In this exercise, print only the lines from the line with "Primoz Roglic ( Lotto" to the last line of the data below, inclusive. Any pictures should be left out.
── Records supplied
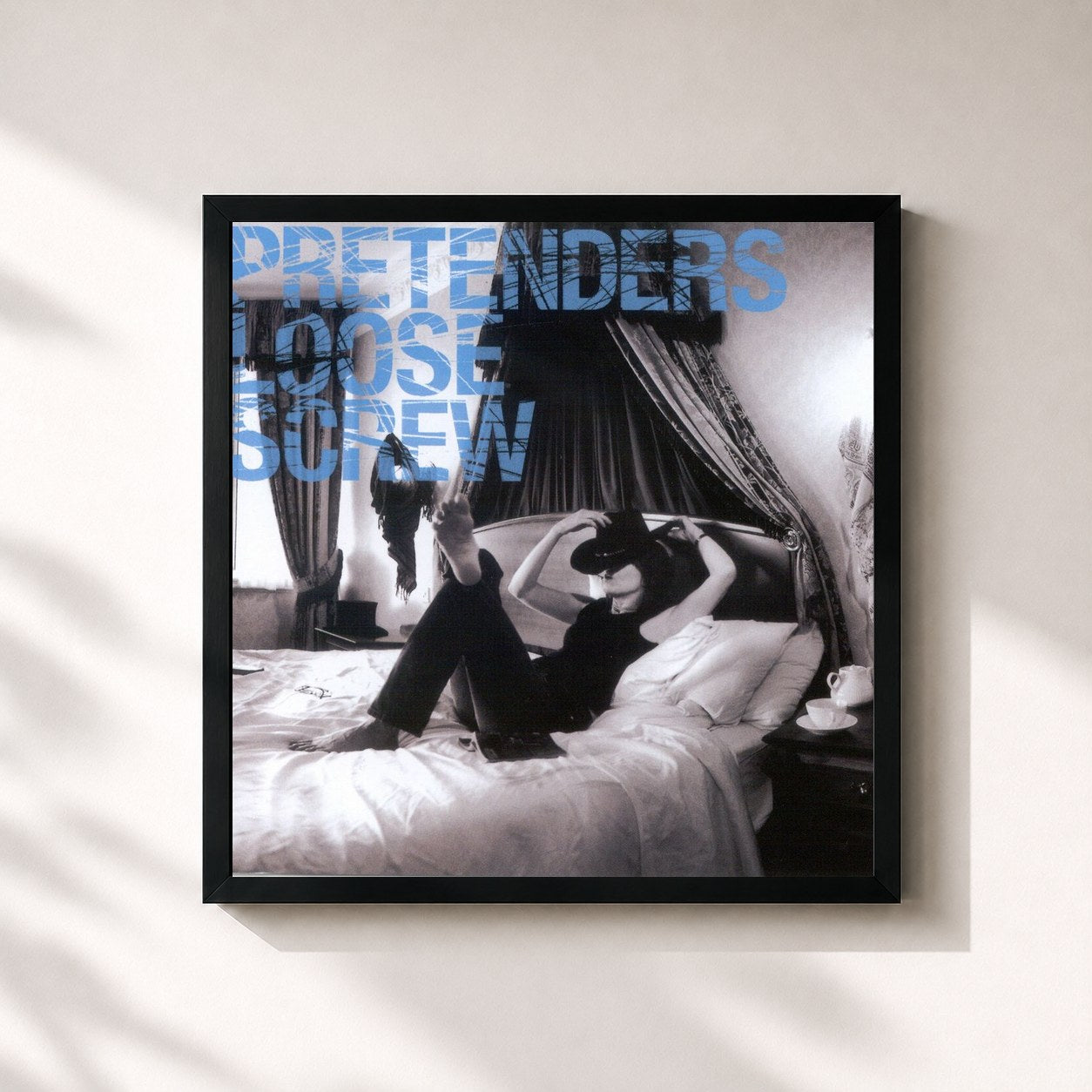 #noir Tableau carré de l'album Loose Screw de Pretenders, cadre noir 32x32 cm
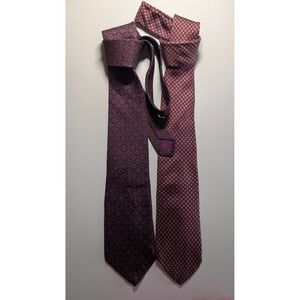 Mens Austin Reed & Liberty of London Silk Tie Bundle Red Burgundy 2pc 46" Long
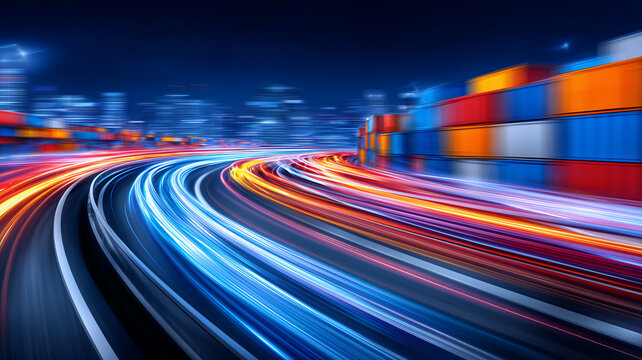Light trails along a transport route beside stacked containers, expressing fast logistics and the concept of efficient supply chain movement through connected infrastructure.
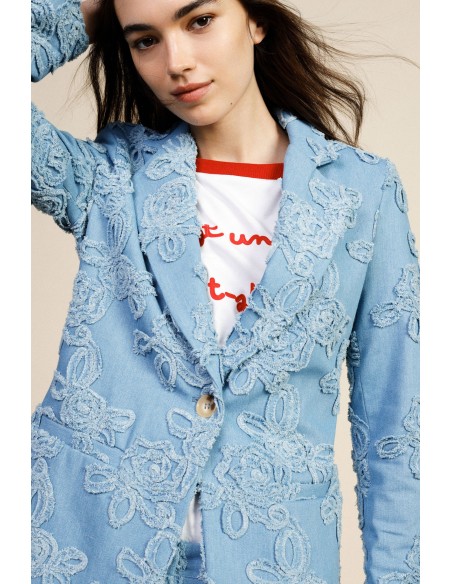 Denimjack met bloemenborduursels en zakken aan de voorkant Dixie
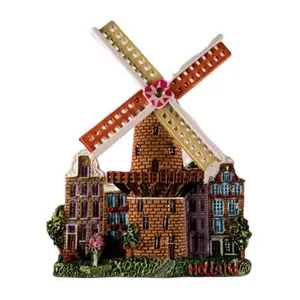 Manufacture Resin Fridge Magnet Netherlands touridt souvenir Holland Mill with Traditional Houses Blades Can Rotate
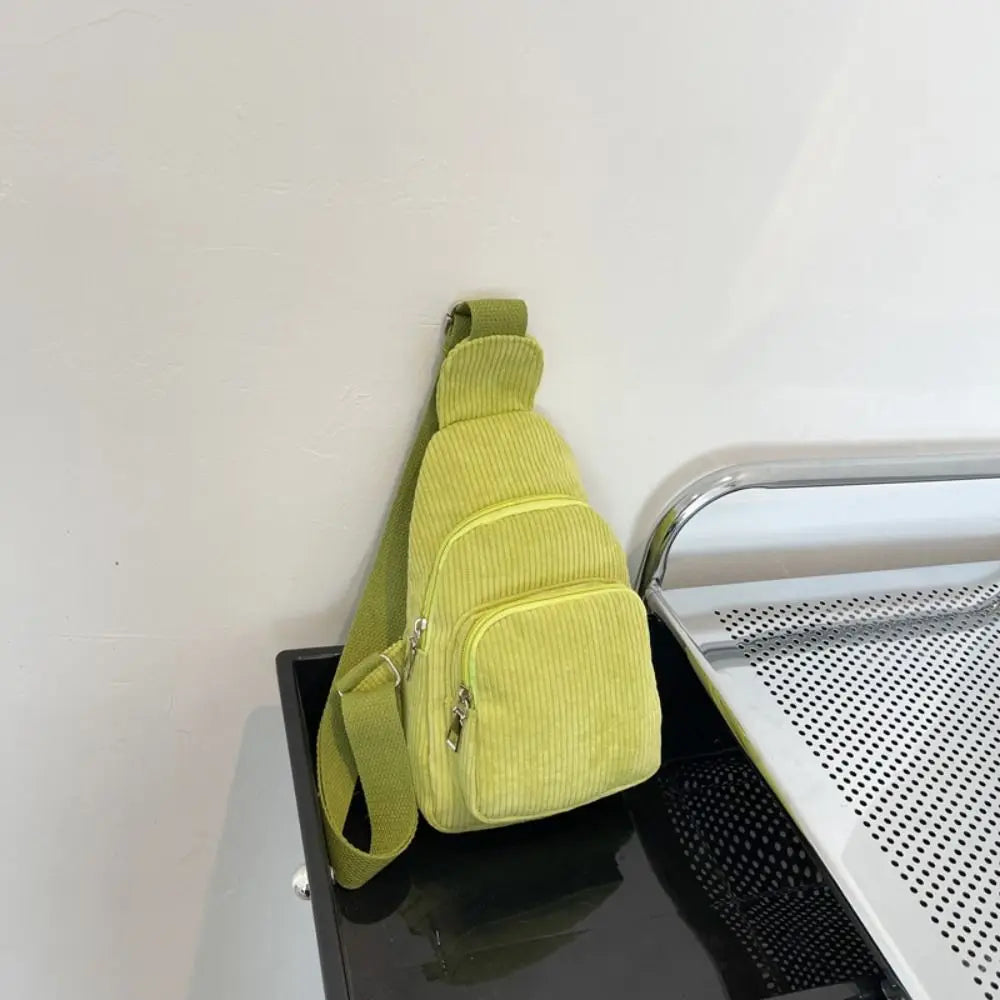 Solid Color Corduroy Chest Bag | Stylish Crossbody Schoolbag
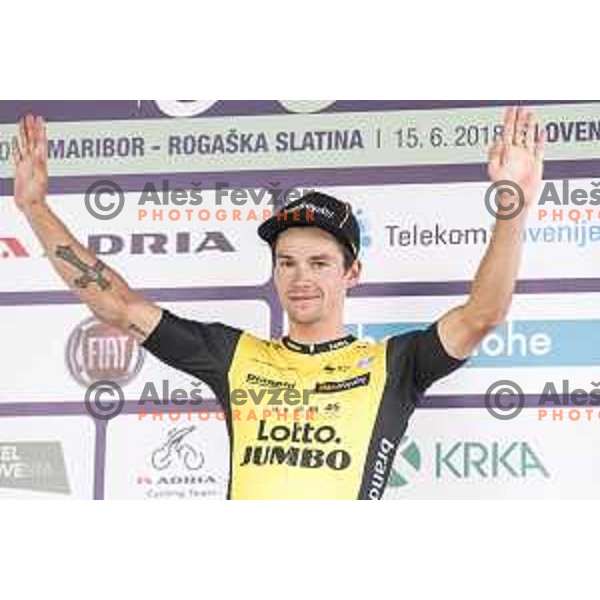 Primoz Roglic ( Lotto Jumbo NL) at the finish of third stage of 25th Tour of Slovenia cycling race between Slovenske Konjice in Celje (175,7 km), Slovenia on June 15, 2018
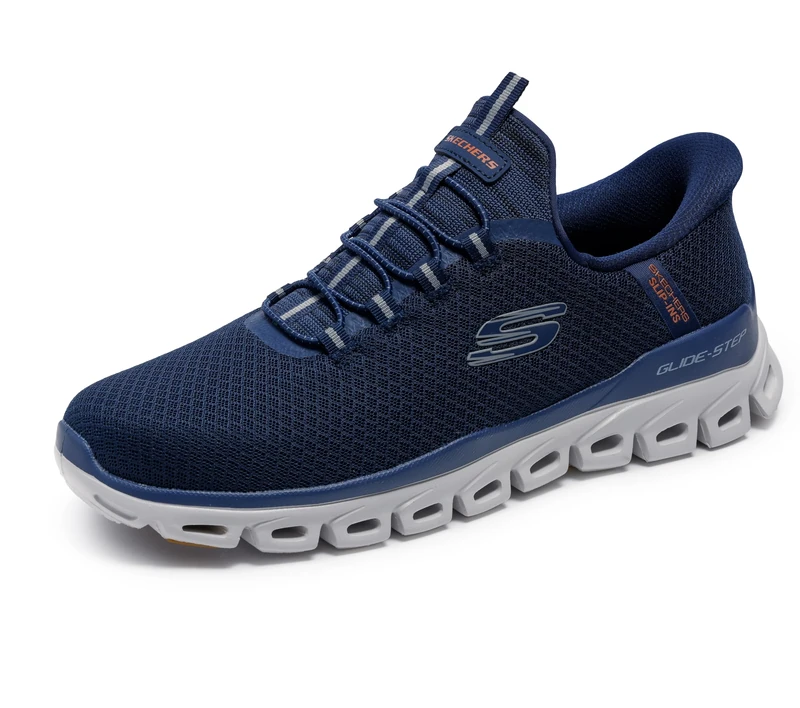 Skechers Men's Glide-Step Noxus Slip-On Sneakers, Navy Mesh/Pu, 10 UK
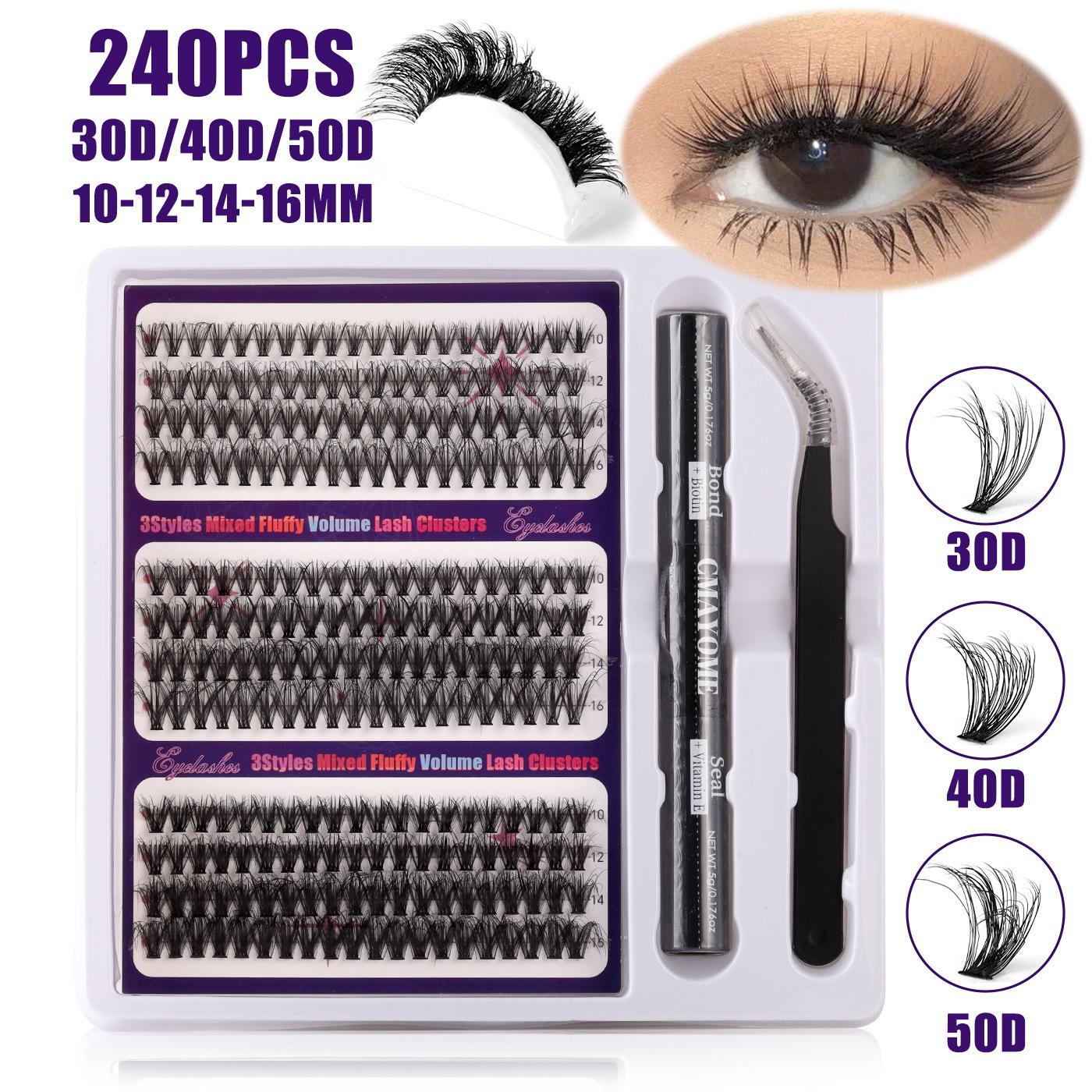 

Пучковые ресницы - Большая емкость C-завиток Объемные и густые накладные ресницы | 10-18 мм DIY Сегментированный набор смешанных размеров горячего плавления DIY-SET-663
────
■ Result of this task
 Primoz Roglic ( Lotto Jumbo NL) at the finish of third stage of 25th Tour of Slovenia cycling race between Slovenske Konjice in Celje (175,7 km), Slovenia on June 15, 2018
 Skechers Men's Glide-Step Noxus Slip-On Sneakers, Navy Mesh/Pu, 10 UK

Пучковые ресницы - Большая емкость C-завиток Объемные и густые накладные ресницы | 10-18 мм DIY Сегментированный набор смешанных размеров горячего плавления DIY-SET-663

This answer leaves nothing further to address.